▸ Your assignment
Wherever an image appears in the data, omit it and copy all the remaining text word for word.

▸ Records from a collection
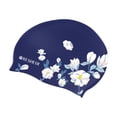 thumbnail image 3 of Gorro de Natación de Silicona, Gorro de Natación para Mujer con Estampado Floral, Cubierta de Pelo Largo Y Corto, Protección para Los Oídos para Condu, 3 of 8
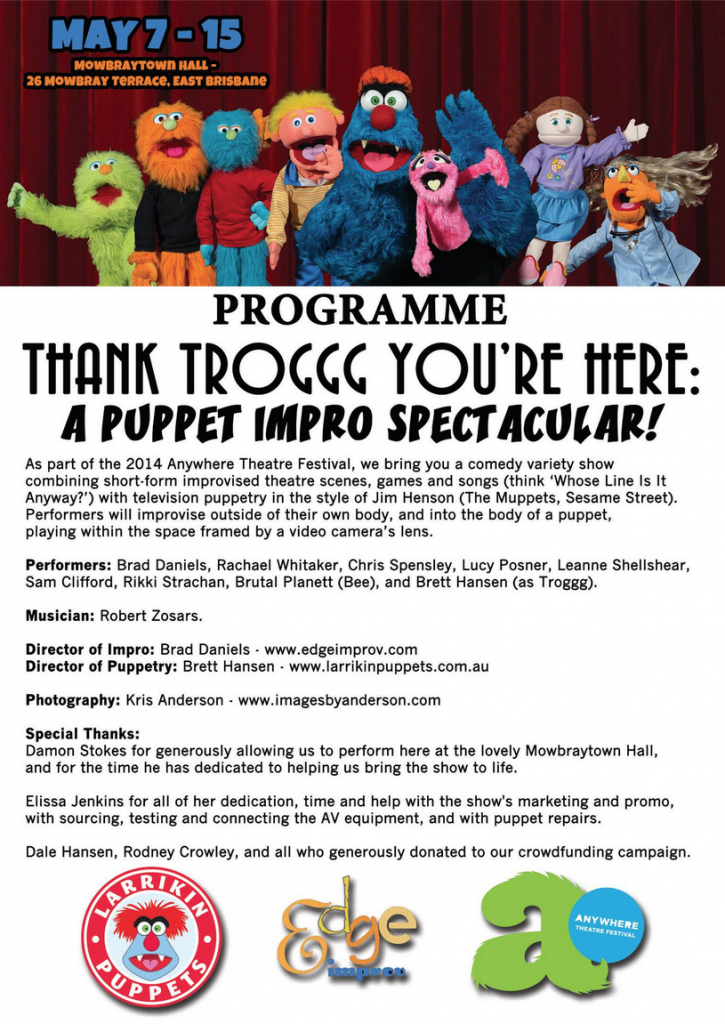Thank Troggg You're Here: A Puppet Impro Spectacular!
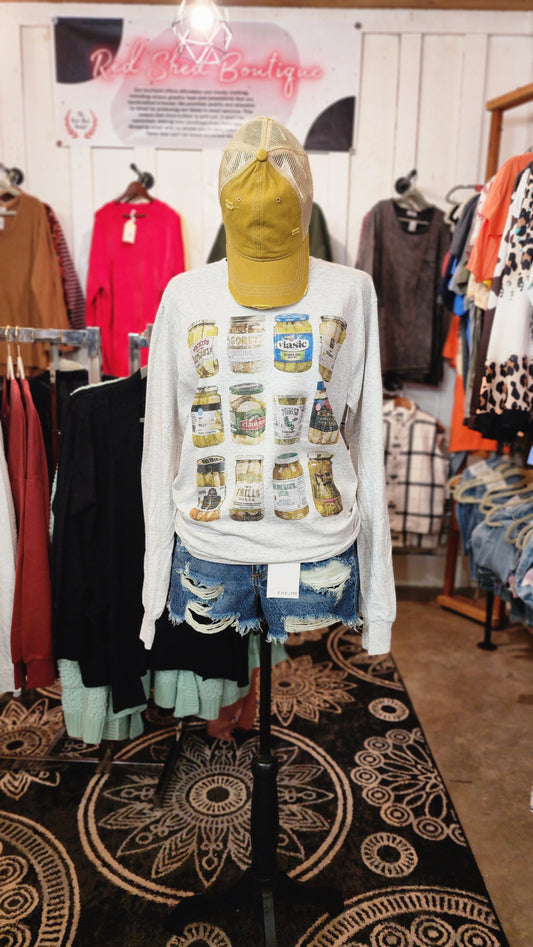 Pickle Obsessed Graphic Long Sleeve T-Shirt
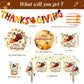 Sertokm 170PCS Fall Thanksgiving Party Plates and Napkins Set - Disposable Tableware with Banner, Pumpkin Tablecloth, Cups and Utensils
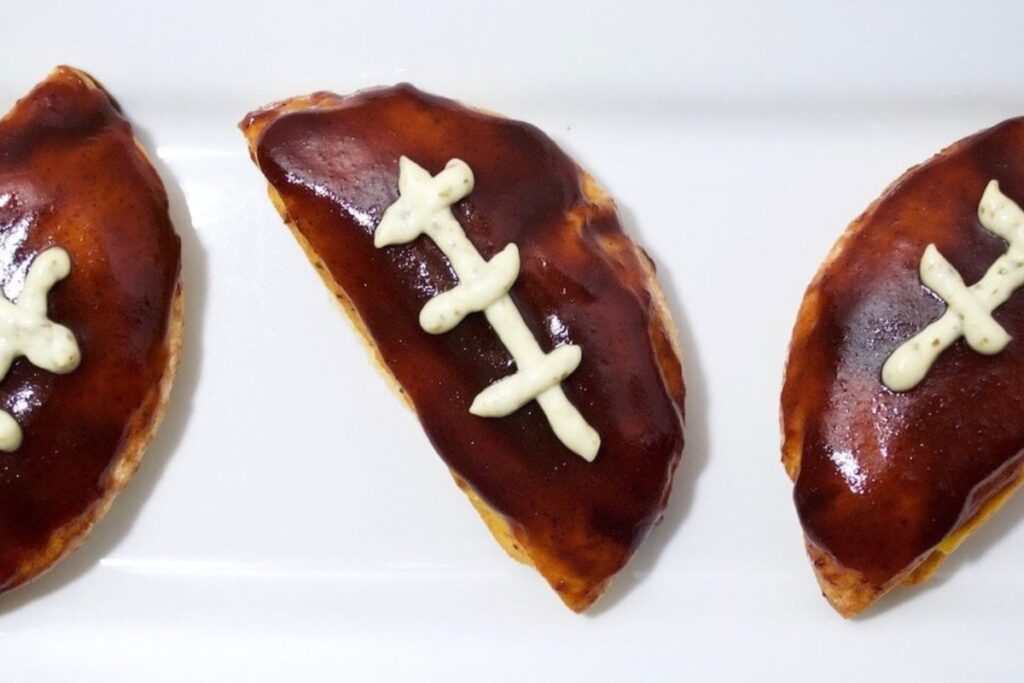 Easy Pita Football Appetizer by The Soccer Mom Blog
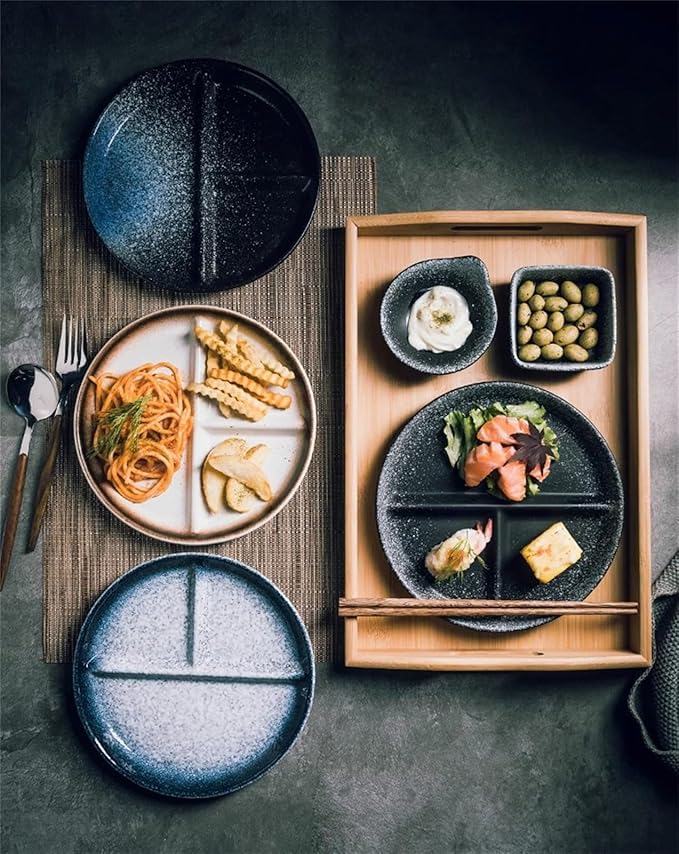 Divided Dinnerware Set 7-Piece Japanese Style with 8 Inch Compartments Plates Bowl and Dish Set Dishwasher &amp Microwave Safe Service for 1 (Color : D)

▸ Answer section
 thumbnail image 3 of Gorro de Natación de Silicona, Gorro de Natación para Mujer con Estampado Floral, Cubierta de Pelo Largo Y Corto, Protección para Los Oídos para Condu, 3 of 8
Thank Troggg You're Here: A Puppet Impro Spectacular!
 Pickle Obsessed Graphic Long Sleeve T-Shirt
 Sertokm 170PCS Fall Thanksgiving Party Plates and Napkins Set - Disposable Tableware with Banner, Pumpkin Tablecloth, Cups and Utensils
 Easy Pita Football Appetizer by The Soccer Mom Blog
 Divided Dinnerware Set 7-Piece Japanese Style with 8 Inch Compartments Plates Bowl and Dish Set Dishwasher &amp Microwave Safe Service for 1 (Color : D)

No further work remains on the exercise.